Everyone knows that data volumes are growing exponentially. What’s not so clear is how to unlock the value all of that data holds. Enterprises are struggling to figure out how to store, manage and derive any real business value from Big Data.
Part of the problem is that traditional databases just aren’t suited for mining Big Data insights. Legacy systems were designed decades ago, long before Big Data was a trend.
Enter Apache Hadoop, an open-source framework that enables the processing of large data sets in a distributed environment. With Hadoop, applications can be run on systems composed of thousands of nodes with thousands of terabytes data.
Gartner estimates the current Hadoop ecosystem market to be worth around $77 million. They expect that it will grow to $813 million by 2016. However, despite a few big-name backers, Hadoop is still relatively unproven in enterprise settings. Critics argue that while Hadoop works great as a processing platform, it’s not all that good with queries. The add-ons Hive and Pig both help with this, but Hadoop still isn’t quite a fully mature platform.
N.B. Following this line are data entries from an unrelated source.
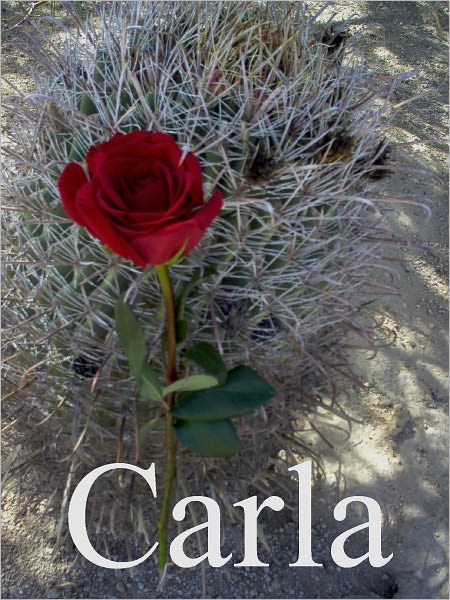 Carla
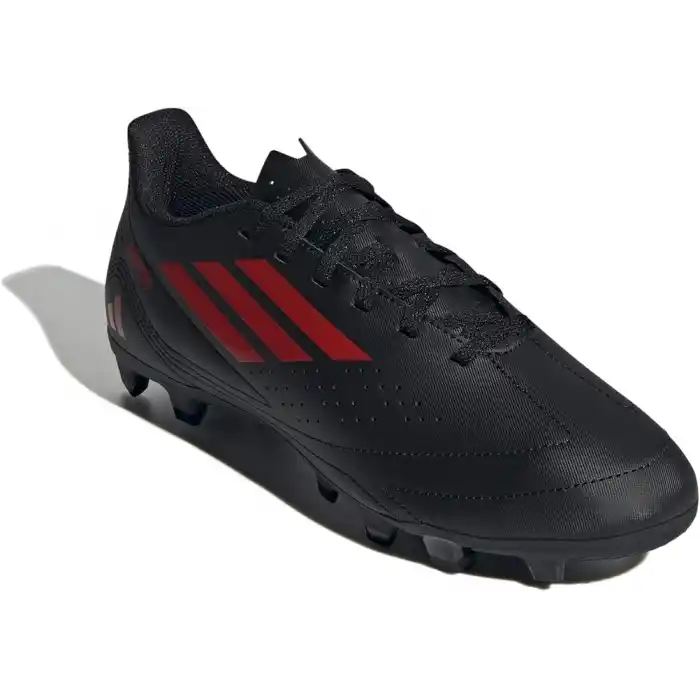 adidas DEPORTIVO III FxG Sert Zemin Futbol Ayakkabısı/KramponErkek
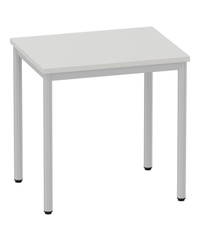 Einzeltisch Romy quadratisch – Bild 15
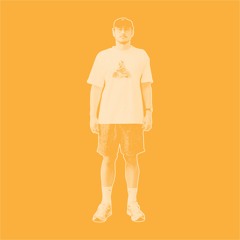summer afrogroove mix
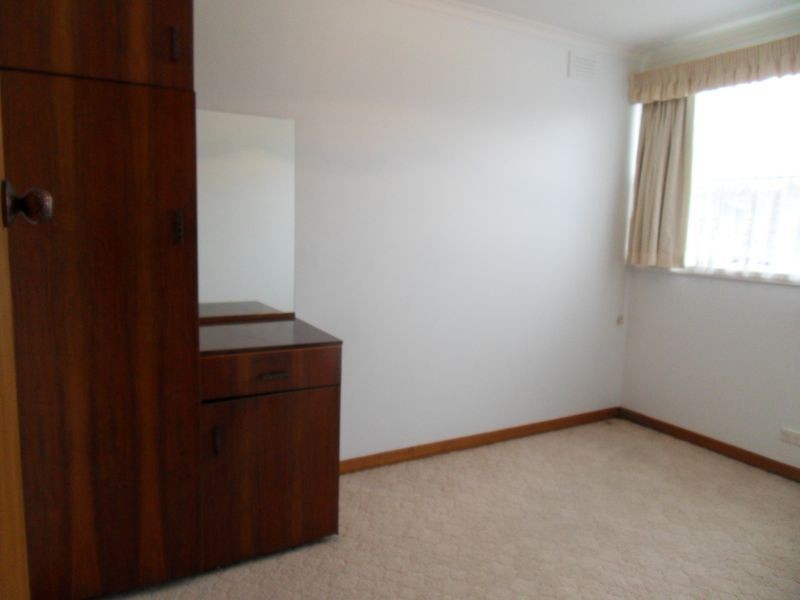 4/14 Howe Street, Park Grove TAS 7320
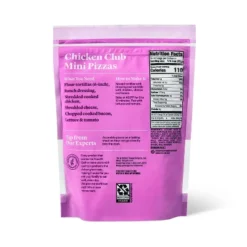 Finely Shredded Cheddar Jack Cheese - 16oz - Good & Gather™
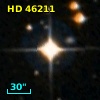 HD  46211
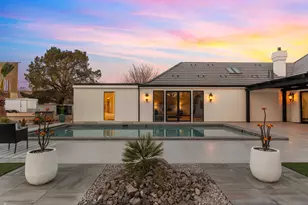 3424 S Sugar Leo Rd, Saint George, UT 84790 - Photo 69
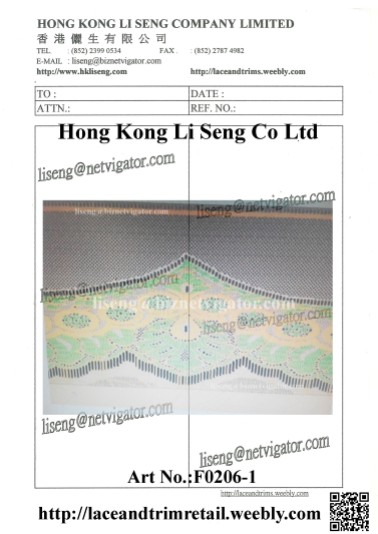 HK Li Seng 03
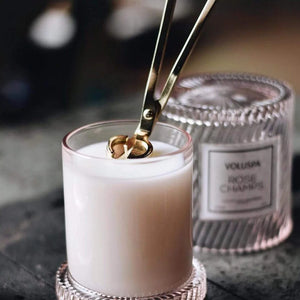 Candle Wick Trimmer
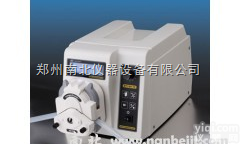 BT100-1F<em>蠕动泵</em>,<em>蠕动泵</em>价格,<em>蠕动泵</em>生产<em>厂家</em>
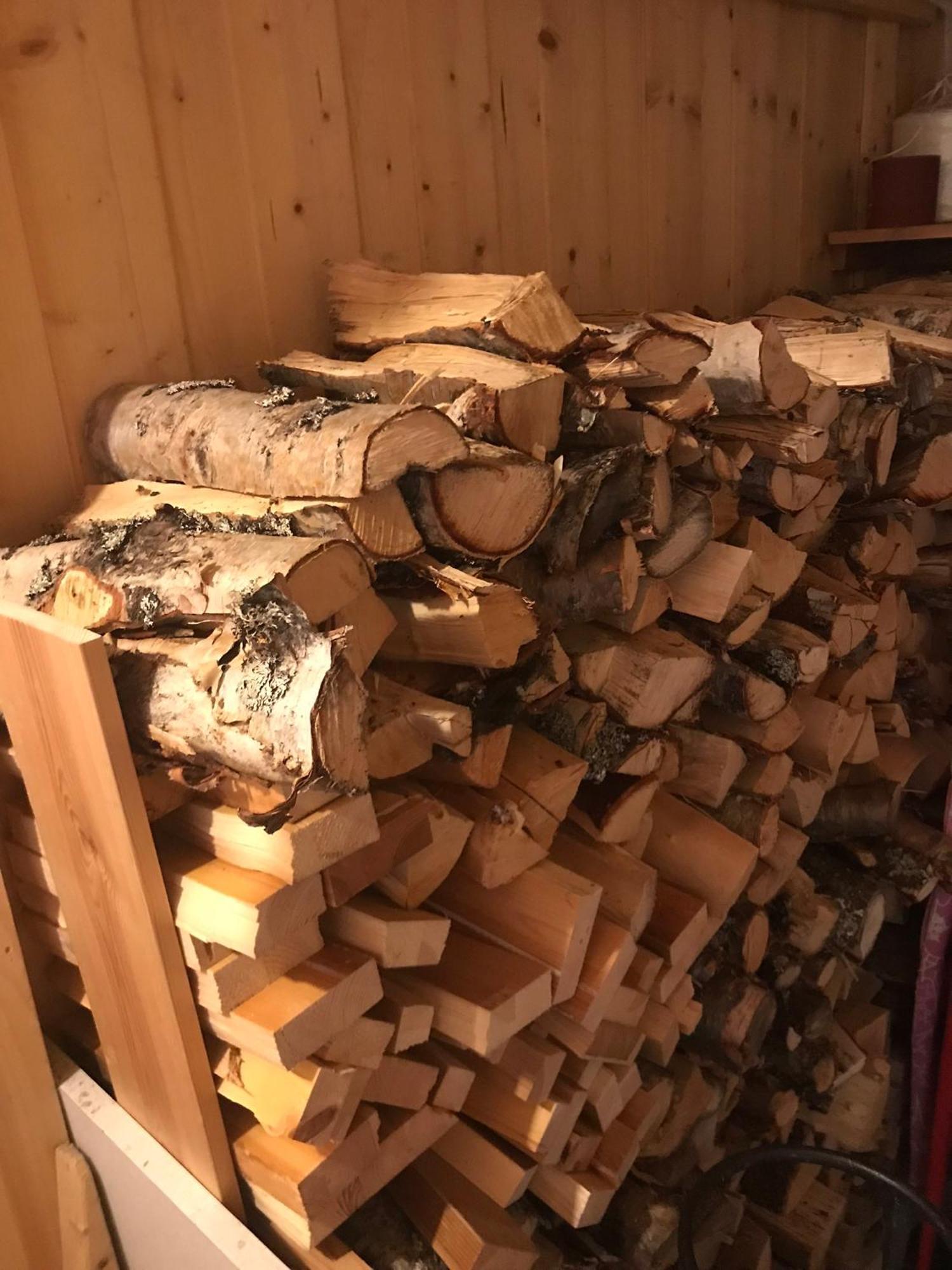 Berntebu Villa Uvdal Bagian luar foto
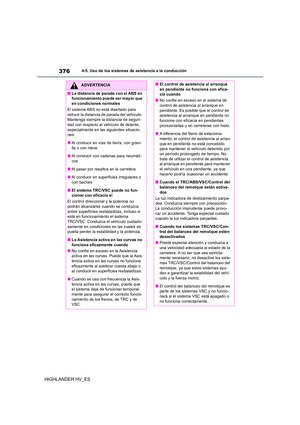 Page 376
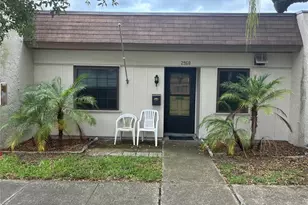2968 Flint Dr S, Clearwater, FL 33759 - Photo 1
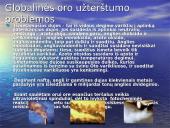 Atmosferos susidarymas 13 puslapis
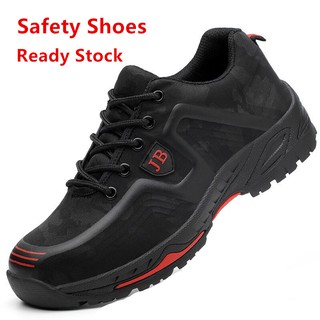 sports direct ladies safety shoes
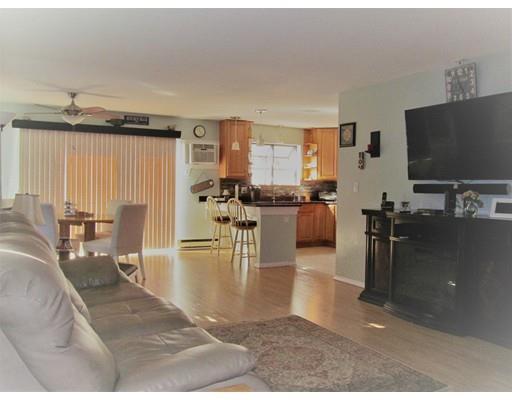 46 Roundhouse Rd #46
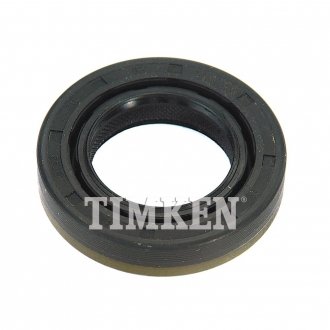 Сальник полуоси передний, внутренний TIMKEN 710491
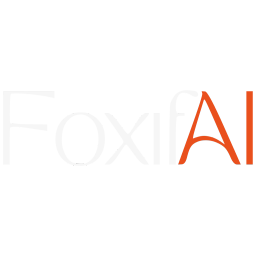 FoxifAI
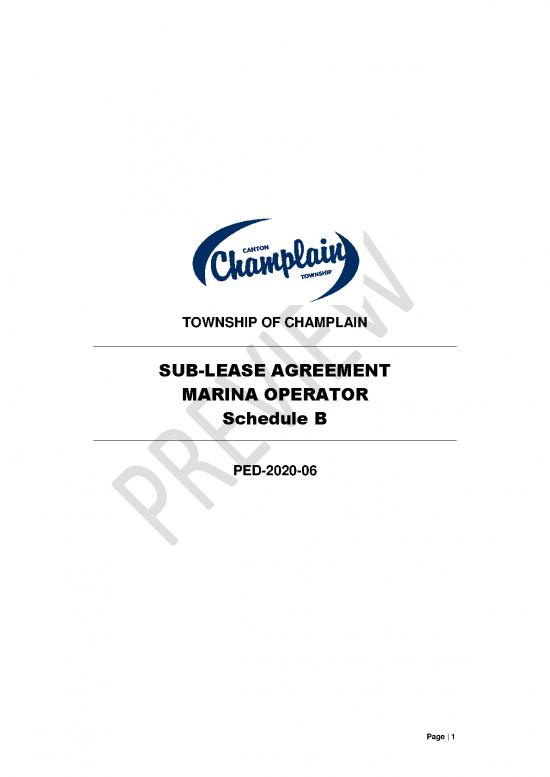 picture_Lease Agreement Template 202553 | Ped 2020 06   Marina Sublease Agreement 15 Sept 2020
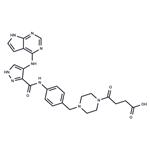 FN-1501-propionic acid pictures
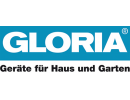 GLORIA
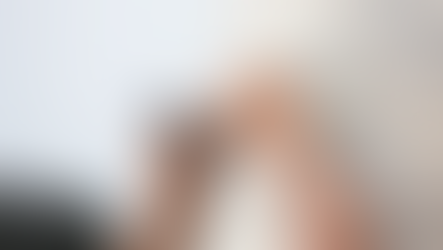 The cost of installing security cameras can be recovered as a chargeback: A case comment on York Region Standard Condominium Corp. No. 1253 v. Hashemi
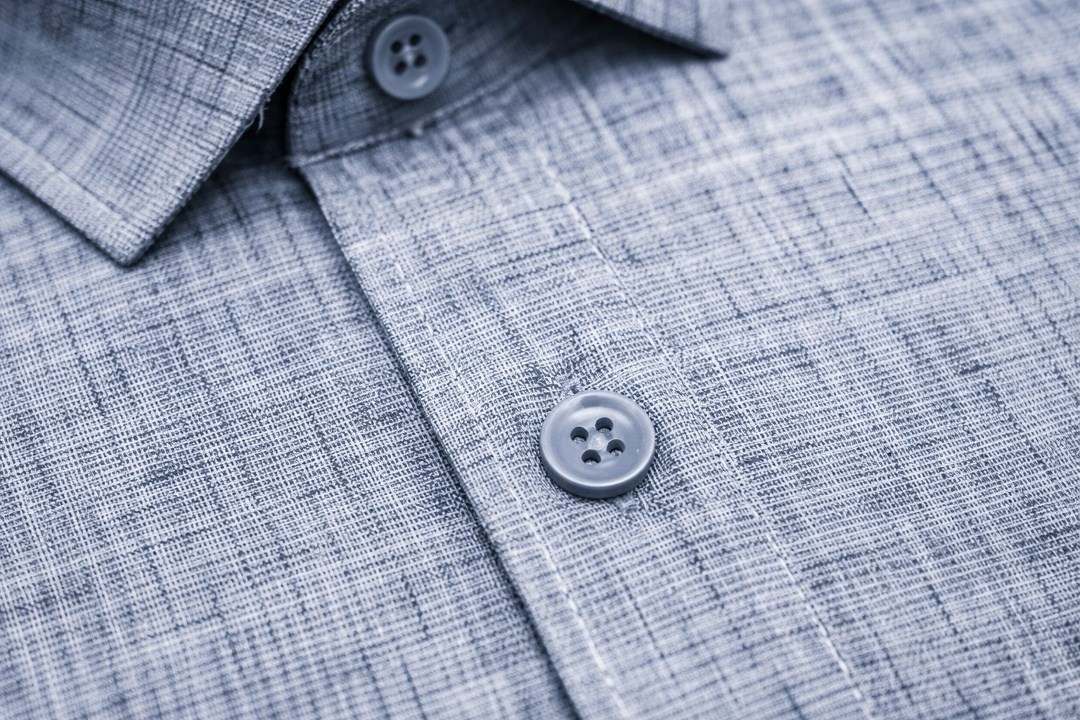 рубашка мужская короткий рукав greg 100,рубашка мужская короткий рукав,рубашка мужская короткий рукав greg 121,мужская рубашка,рубашка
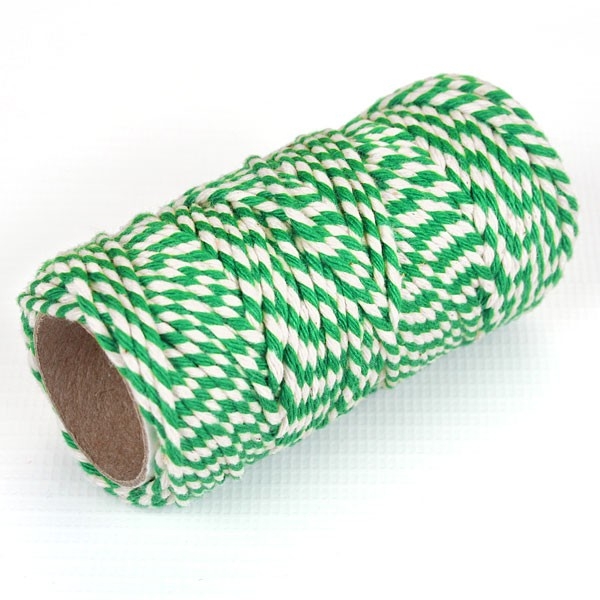 Bakers Twine (all colours available) Bakers Twine (all colours available)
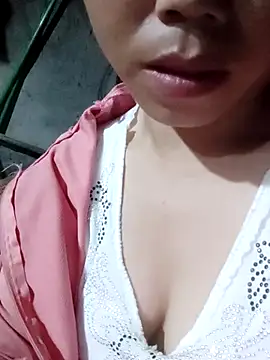 Snapshot of chekoko chatting on June 10, 2026, 1:12 pm chekoko online show from June 10, 2026, 1:12 pm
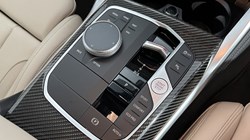 2024 (24) BMW 4 SERIES M440i xDrive MHT 2dr Step Auto 4713025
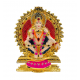 ST/2418/M PRINCE BIG AYAPPA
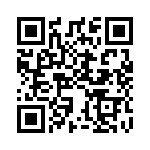 CBT50J6R8 QRCode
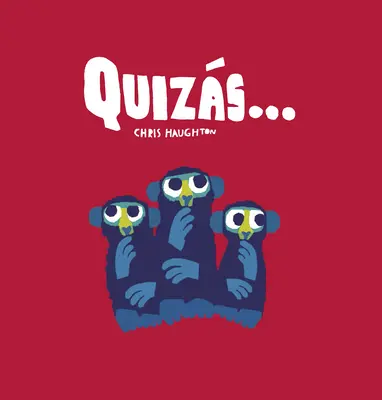 Quizze... - Quizs...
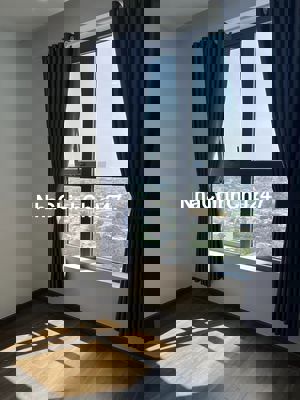 Bán căn 2PN 2WC giá 1,65 tỷ bao thuế phí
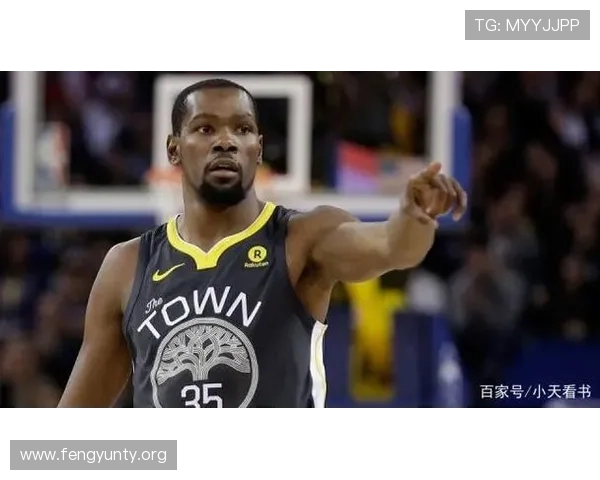 韦德体育世界杯下注安全指南与风险控制策略详解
These startups intend to change that.
What they do: Provide data science solutions for Hadoop and Big Data
Headquarters: San Mateo, CA
CEO: Joe Otto, who previously ran Worldwide Sales for Greenplum, which is now part of EMC.
Founded: 2010
Funding: Alpine Data Labs is backed by a $7.5 million Series A round of funding from Sierra Ventures and Mission Ventures, along with EMC and Sumitomo Bank. The company is in the process of closing out a Series B round, which is expected to raise between $10 and $13 million.
Why they’re on this list: While there are a ton of Big Data tools entering the market, many companies still struggle to gain actionable insight from their mountains of data.
According to Alpine Data, part of the problem is that it’s much too difficult to get real insights out of Hadoop and other parallel platforms. Most companies don’t know what to do with massive datasets, and few have gotten any further with Hadoop than batch processing and basic querying.
Alpine Data set out to simplify machine-learning methods and make them available on petabyte-scale datasets. Their tools make these methods available in a lightweight web application with a code-free, drag-and-drop interface.
Alpine Data leverages the parallel processing power of Hadoop and MPP databases and implements data mining algorithms in MapReduce and SQL. Users interact with their data directly where it already sits and design analytics workflows without worrying about data movement or complex code. All this is done in a web browser, and Alpine Data then translates these visual workflows into a sequence of in-database or MapReduce tasks.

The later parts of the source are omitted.